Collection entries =
════════════════════

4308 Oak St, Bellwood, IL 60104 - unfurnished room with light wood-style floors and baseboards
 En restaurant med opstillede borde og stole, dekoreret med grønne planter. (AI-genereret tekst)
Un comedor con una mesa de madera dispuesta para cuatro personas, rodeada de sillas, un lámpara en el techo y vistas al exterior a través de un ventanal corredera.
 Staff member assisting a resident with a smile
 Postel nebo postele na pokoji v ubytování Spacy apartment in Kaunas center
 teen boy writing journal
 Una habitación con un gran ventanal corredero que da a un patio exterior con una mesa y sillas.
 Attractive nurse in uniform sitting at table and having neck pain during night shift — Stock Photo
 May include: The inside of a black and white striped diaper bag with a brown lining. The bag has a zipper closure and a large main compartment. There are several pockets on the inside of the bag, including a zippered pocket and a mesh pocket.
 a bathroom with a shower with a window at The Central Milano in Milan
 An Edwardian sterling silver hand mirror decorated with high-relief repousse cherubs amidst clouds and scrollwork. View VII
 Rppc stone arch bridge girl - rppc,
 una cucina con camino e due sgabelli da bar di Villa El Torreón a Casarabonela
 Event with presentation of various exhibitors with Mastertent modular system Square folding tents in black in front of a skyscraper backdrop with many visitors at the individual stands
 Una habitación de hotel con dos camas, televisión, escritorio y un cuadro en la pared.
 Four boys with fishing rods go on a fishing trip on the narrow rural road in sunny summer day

════════════════════

PROBLEM TO WORK ON = Repeat only what lies between the first line of the data and the line containing "teen boy writing journal", both of those lines included, exactly as it stands.

SOLVED EXERCISE =
4308 Oak St, Bellwood, IL 60104 - unfurnished room with light wood-style floors and baseboards
 En restaurant med opstillede borde og stole, dekoreret med grønne planter. (AI-genereret tekst)
Un comedor con una mesa de madera dispuesta para cuatro personas, rodeada de sillas, un lámpara en el techo y vistas al exterior a través de un ventanal corredera.
 Staff member assisting a resident with a smile
 Postel nebo postele na pokoji v ubytování Spacy apartment in Kaunas center
 teen boy writing journal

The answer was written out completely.